Bro + Yara File Scanning Module?

Hello all:

I wanted to poke the hive mind to see if anyone has considered, or is actively pursuing integrating Yara into a Bro script?

An idea for a script I would like to write is to simply take any file from a ‘file_new’ event. Then add something like Files::ANALYZER_YARA that would do the heavy lifting and take a user defined path to a master Yara file, scan the file, append the results to either files.log or notice.log, and finally, extract any file that hit on a signature (for further analysis).

Interested if this is something that has been considered previously? If so, what were the results? If not, I’m happy to spin off an effort of my own. Either way I see it as a good project to get into Bro scripting at a deeper level.

Thanks,
Jason

Jason,

I would be curious to hear more about this as well. I don’t know if it already exists, but we are considering a functionality here very similar to what you’ve described. We were considering moving the extracted files to another system for Yara scanning, but integrating it within Bro might be a more efficient process.

Thanks,

John

The process I use is I have all of the files being written to a directory then a python scripts monitors that for new files. It uses a Redis keystore and checks the sha256 of the file. If it exists in the keystore it simply deletes the file and moves on. If it does not exist it adds it to the keystore and then moves it somewhere else. This could be Yara or whatever. I will see if I can dig it up but it was rather simple python. I did this because I didn’t want to tie up Bro especially if you are seeing high file volume.

Mike

I was working on this a while ago and got it working. :slight_smile:

Unfortunately it required some changes to Yara itself to add an incremental analysis API which I need to update because the Yara developers have been making changes in the areas that I had to make changes. I've been thinking of coming back around to that code to get it cleaned up and contributed back to the Yara developers so that we could easily have a Yara analyzer in Bro.

  .Seth

These solutions are very awesome and mirror the path we are taking at Cisco with OpenSOC to scale up and out. I’ll be speaking a bit deeper about our plans at BroCon in a few weeks but the theories are very similar: gather telemetry data (bro logs), gather intelligence data (yara results, threat intel lists, etc), inspect (storm, python scripts, etc).

For this specific instance we queue the logs through kafka to enter our storm topology and plan to throw the files into hdfs for retention/deeper analysis.

I forgot to mention one more point. It was pretty slow because of the internal architecture of Yara and I had started reworking a bit of Yara to fix the problem (compiling rule sets is slow and they mix rule match state with the compiled rule structure so you can't match multiple files concurrently with the same compiled rule set).

Is there anyone out there interested in taking on this rework and pushing it to completion? (you need to know C)

  .Seth

Out of curiosity, were you working with Yara 2.0 when you were developing? It is several orders of magnitude faster than previous versions.
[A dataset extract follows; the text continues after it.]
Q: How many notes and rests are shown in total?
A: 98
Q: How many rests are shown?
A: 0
To your question, I would be interested in this effort but before diving in would like some time to familiarize myself more with Bro development. I will be at this years BroCon in pursuit of that goal and would welcome further collaboration toward this end :slight_smile:

Ideally, what I would love to see is a way to take actions on alerts generated by some kind of ‘Files::ANALYZER_YARA’. So say if I have a ZIP file for example and a Yara rule to detect a ZIP. I think it would be very valuable for someone to not only just trigger on that, but then invoke an event that decompresses the ZIP and feeds the contents through the same scanning engine. Now replace ZIP files with a known crypter/obfuscation or something else and you can perhaps start to see the power and possibilities that begin to unfold :slight_smile:

Full disclosure time…:

I am a malware reverse engineer by trade. When I RE a binary I can tell my customers (the analysts) a lot about it, however, their ability to take action on the intelligence I give them is oftentimes limited by their capabilities / security posture as an organization.

Enter Bro, with a modular framework, I look to this as a means to make the observables I gain from my RE efforts as more valuable actionable intelligence for my team. By implementing this modular ‘take action on X’ mentality with respect to Bro and Yara, my signatures get more milage, as well as my observables on how certain crypters/encodings can be defeated.
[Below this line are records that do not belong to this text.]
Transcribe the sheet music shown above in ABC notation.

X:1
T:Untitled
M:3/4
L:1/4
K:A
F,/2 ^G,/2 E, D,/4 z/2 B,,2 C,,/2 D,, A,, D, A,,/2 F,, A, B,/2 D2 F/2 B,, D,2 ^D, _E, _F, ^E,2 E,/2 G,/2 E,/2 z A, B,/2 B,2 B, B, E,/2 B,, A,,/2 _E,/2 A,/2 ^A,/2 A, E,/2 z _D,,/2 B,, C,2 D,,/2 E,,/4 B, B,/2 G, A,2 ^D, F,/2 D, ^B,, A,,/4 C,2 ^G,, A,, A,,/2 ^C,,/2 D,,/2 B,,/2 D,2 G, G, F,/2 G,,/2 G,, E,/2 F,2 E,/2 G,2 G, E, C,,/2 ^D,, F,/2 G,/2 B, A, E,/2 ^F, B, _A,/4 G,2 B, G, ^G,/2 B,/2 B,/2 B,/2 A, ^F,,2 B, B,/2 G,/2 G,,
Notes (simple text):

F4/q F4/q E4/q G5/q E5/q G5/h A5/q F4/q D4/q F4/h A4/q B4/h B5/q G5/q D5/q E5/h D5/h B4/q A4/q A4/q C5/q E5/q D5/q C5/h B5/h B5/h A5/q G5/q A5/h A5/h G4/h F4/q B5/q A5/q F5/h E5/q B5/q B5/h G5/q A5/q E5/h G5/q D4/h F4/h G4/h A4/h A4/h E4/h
Imagine this, I have a signature for shellcode that decrypts a PE in a certain way always at a certain offset. My Yara rule hits on this signature and triggers an event that unmaskes the binary as well, out pops the dropper, that is scanned again, and hits on the signature I created for the dropper, etc, etc…

So I’ve automated analysis that is usually done by someone more experienced on the command line. Not only that, but now the analyst knows more about what they are dealing with which directly informs IR/Intel efforts.

Hope that helps paint the picture a little more :slight_smile:

  • Jason

Out of curiosity, were you working with Yara 2.0 when you were developing? It is several orders of magnitude faster than previous versions.

I was working on it during the lead up to the 2.0 code so my work was developed around the changes they made.

To your question, I would be interested in this effort but before diving in would like some time to familiarize myself more with Bro development. I will be at this years BroCon in pursuit of that goal and would welcome further collaboration toward this end :slight_smile:

Once an incremental analysis api is added to Yara and Yara's match state and compiled rules are separated, the Bro module is really simple (and it's already been written somewhere...).

Ideally, what I would love to see is a way to take actions on alerts generated by some kind of 'Files::ANALYZER_YARA'. So say if I have a ZIP file for example and a Yara rule to detect a ZIP. I think it would be very valuable for someone to not only just trigger on that, but then invoke an event that decompresses the ZIP and feeds the contents through the same scanning engine. Now replace ZIP files with a known crypter/obfuscation or something else and you can perhaps start to see the power and possibilities that begin to unfold :slight_smile:

It's a bit more complicated than that unfortunately. :slight_smile:

Everything in Bro is organized around incremental analysis. If you have a yara rule fire you can't go back and look at the old data, it's gone already. You'd need to write Bro scripts that extract files temporarily and then possibly re-analyze them with new information.

By implementing this modular 'take action on X' mentality with respect to Bro and Yara, my signatures get more milage,

I agree there, but there are some questions left lingering. We aren't really sure if you'll be able to run large rule sets again all files and just how much help they will be.

Imagine this, I have a signature for shellcode that decrypts a PE in a certain way always at a certain offset. My Yara rule hits on this signature and triggers an event that unmaskes the binary as well, out pops the dropper, that is scanned again, and hits on the signature I created for the dropper, etc, etc..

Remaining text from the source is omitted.